US Treasury sell-off resumes, but USD loses against high yielding G10 FX
In FX markets, the rise in US yields has persisted while the USD has continued to remain weaker, especially against the high yielding currencies. This should translate into more upside on high yielding JPY-crosses with higher US yields likely to result in JPY weakness. Comments yesterday from Germany’s Merkel that she supports ECB Draghi’s recent message are positive, in our view and continue to pose upside EUR risks especially vs. USD,JPY and GBP in the weeks ahead (more below). Today’s University of Michigan consumer index should come weaker (72.0 from 72.3) with higher petrol prices the likely culprit.

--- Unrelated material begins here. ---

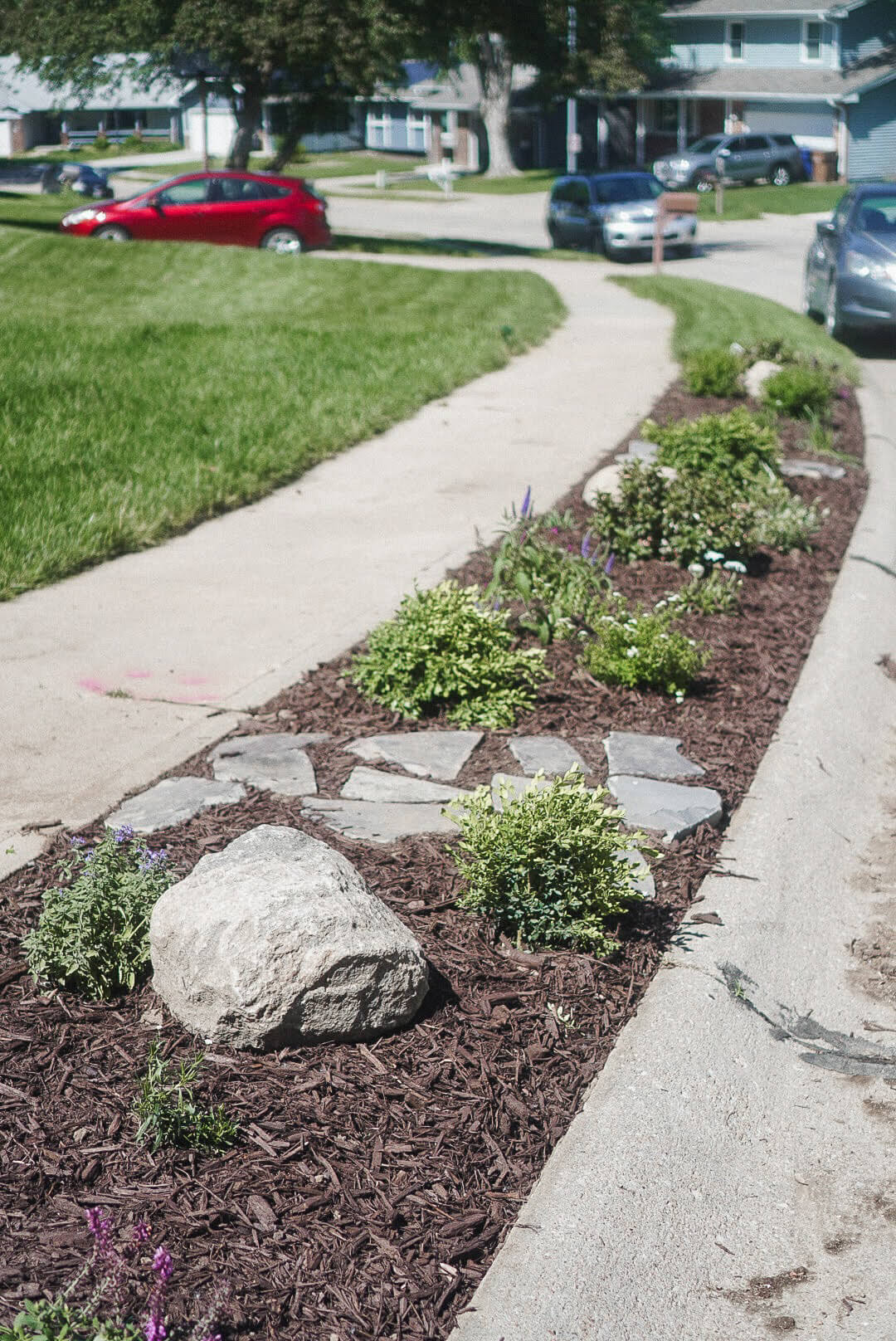 A park strip that is completely finished with DIY, low maintenance front yard landscaping.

USDCAD continues to trade lower especially as oil prices rise, and we remain short USDCAD position targeting 0.9800. Prospects for the CAD look bright, with Moody’s reaffirming its AAA rating due to economic performance and government financial position. In an environment where most ratings of G10 countries are threatened, the CAD surely stands out. It may see an extra boost today from an expected bounce in CPI. In June, both headline and core inflation fell significantly, so we expect both core and headline CPI to increase 0.2%m/m.

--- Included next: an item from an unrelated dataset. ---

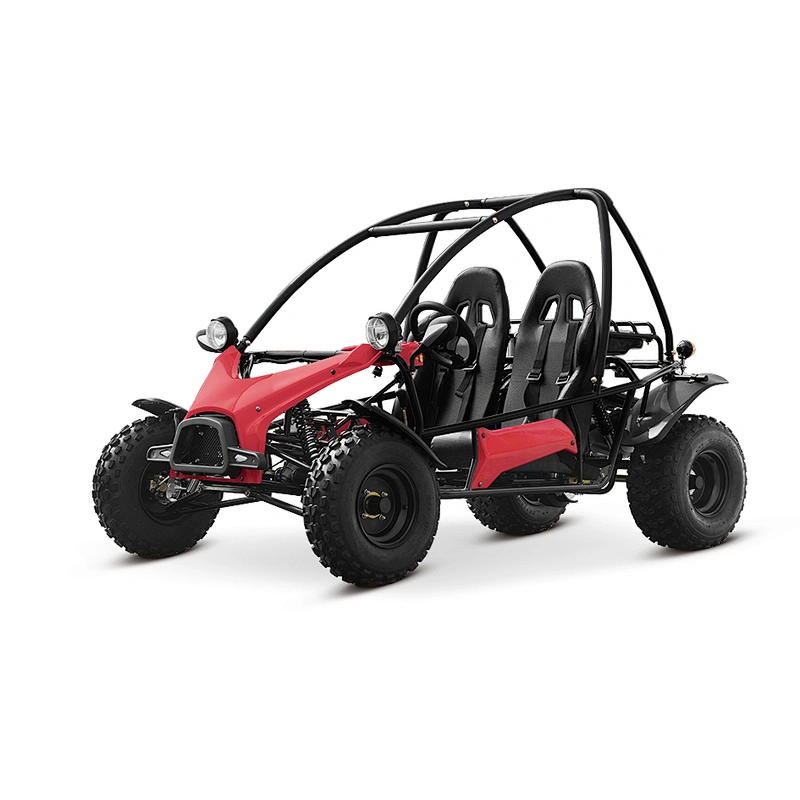 200CC sand buggy | off road Adult go kart 150cc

* Playing for a short USDJPY rally, followed by a longer decline
While we are confident that US yields will remain lower (given continued anchoring by the Fed with QE3 to follow), timing the move is an issue as US yields have moved higher despite disappointing US manufacturing data- yesterday being a strong case in point. Indeed, recent regional ISMs (Philadelphia Fed and Empire Surveys) suggest the closely watched national ISM manufacturing index for August will remain in contractionary territory. But if the tactical driver for the higher US yields are (a) diminishing euro area tail risks and (b) higher oil prices (both factors present in Feb-March US yield pick up) then weaker US data in itself may not help to reverse current movements. This means such moves in the US treasury market will continue to drag USDJPY higher. However, we remain strategic USDJPY bears and would view the current rally as temporary given our view that Fed QE3 should see US yields lower multi-month. So, while USDJPY can rally into September, we expect it to reverse with likely catalysts being Fed easing and JPY inflows on repatriation ahead of the Japanese FY half year end. Accordingly, we have suggested an option structure to capitalise on USDJPY first rallying before falling. (See FX Weekly for more details).
* Swedish unemployment likely to support SEK
Following a brief run of SEK weakness, the Scandie currency continues to shine. The high-beta currency continues to thrive as risk appetite improves. SEK strength is likely to be uninterrupted if today’s unemployment rate declines slightly as we project. However, we have noted previously that the rise in SNB interventions is strongly correlated to the EURSEK decline. Thus, as eurozone risks abate and sovereign yields decline, the SNB will intervene less in the currency markets, as has been the case recently. With the SEK likely to lose a strong bid and long SEK positions overstretched and at extreme levels, we expect NOKSEK to rally to 1.1700.
* Next week will be key for the Eurozone
EUR gains on Thursday were mostly due to short covering, but the real test for the EUR will be next week. German Chancellor Merkel expressed her support for ECB President Draghi’s strategy and called on her European counterparts to move closer towards integration of fiscal policy. Mrs. Merkel reiterated her stance that she favours stronger EU intervention rights on budgets. This comes ahead of a slew of meetings scheduled for next week with the Greek Prime Minister and French President Hollande. In addition, there is a Spanish Cabinet meeting on 24 August. Any progress on the eurozone front should sustain risk appetite. The promise that the ECB would support the markets in cooperation with the EFSF has bolstered market sentiment since the ECB meeting and suppressed volatility.